=== Work instructions ===
For the data below, retype word for word the lines from the one containing "Survêtement d'hiver en" through the one containing "Chanel Lambskin Quilted"; drop the pictures.

Start of Records provided

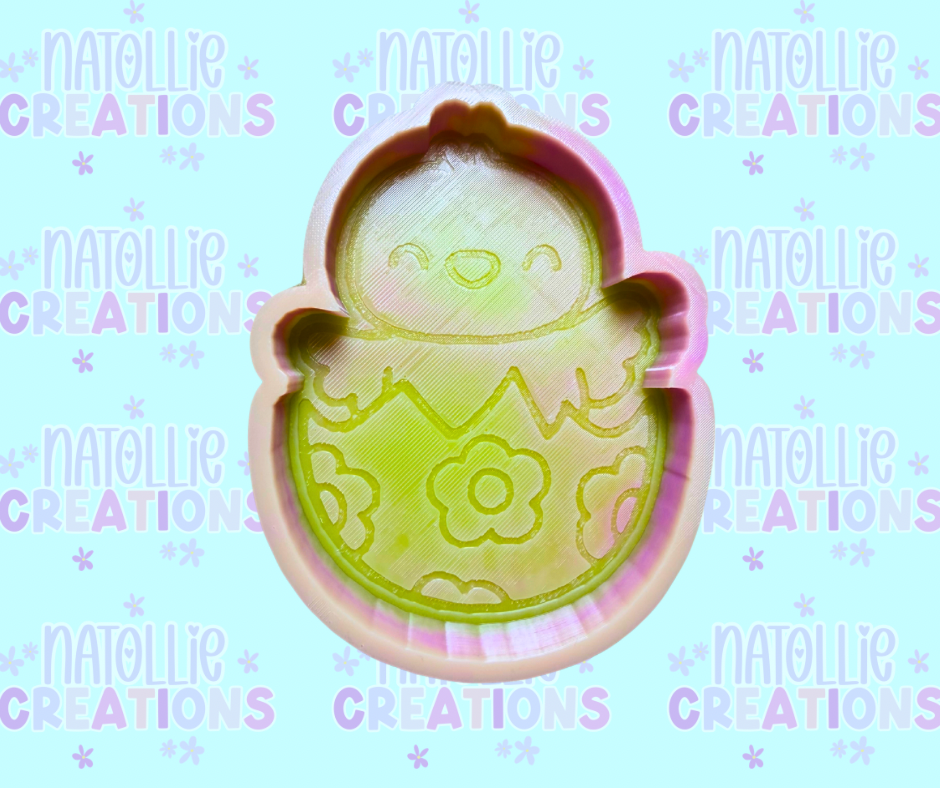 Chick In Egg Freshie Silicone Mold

End of Records provided
Start of Records provided

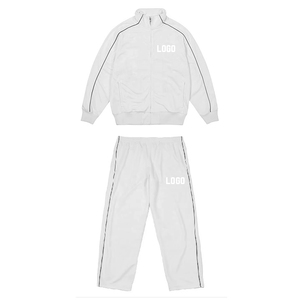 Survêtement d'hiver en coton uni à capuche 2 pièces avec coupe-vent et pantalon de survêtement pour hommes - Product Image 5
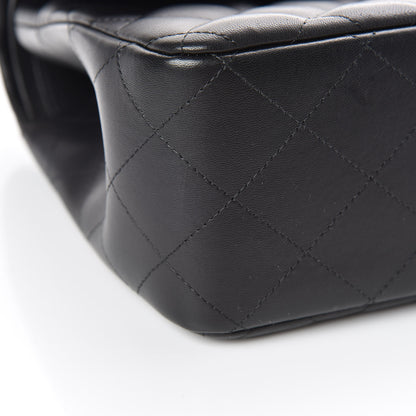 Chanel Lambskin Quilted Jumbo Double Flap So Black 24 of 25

End of Records provided
Start of Records provided

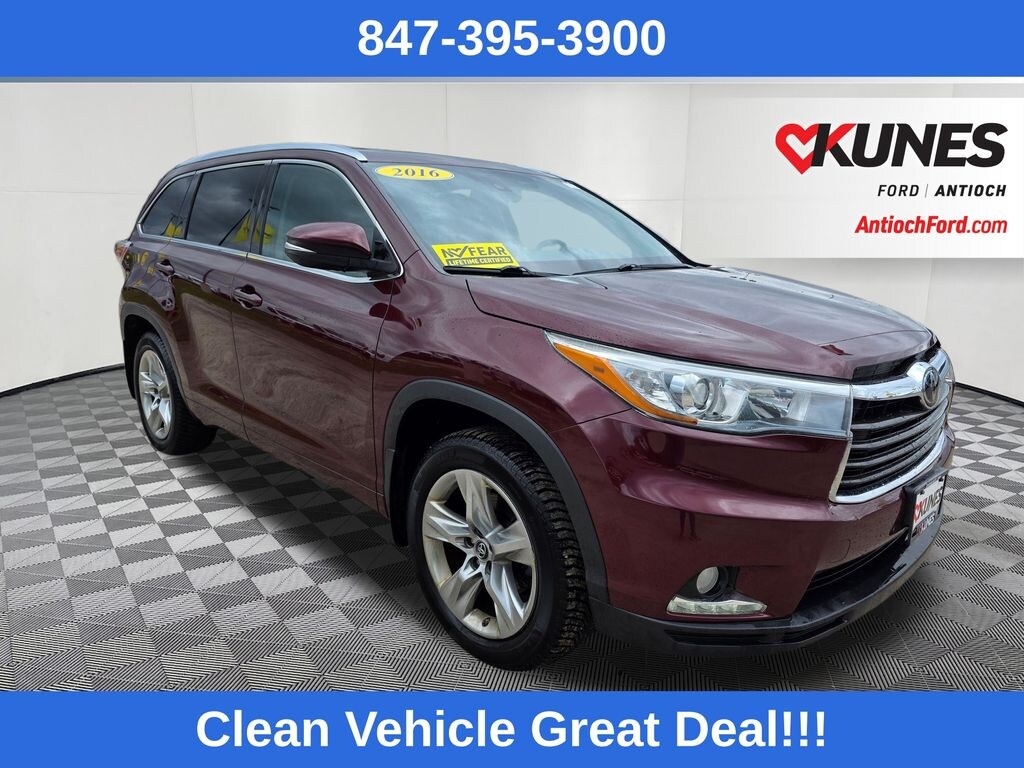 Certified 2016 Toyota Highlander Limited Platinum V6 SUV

End of Records provided

=== Result of this task ===
 Survêtement d'hiver en coton uni à capuche 2 pièces avec coupe-vent et pantalon de survêtement pour hommes - Product Image 5
 Chanel Lambskin Quilted Jumbo Double Flap So Black 24 of 25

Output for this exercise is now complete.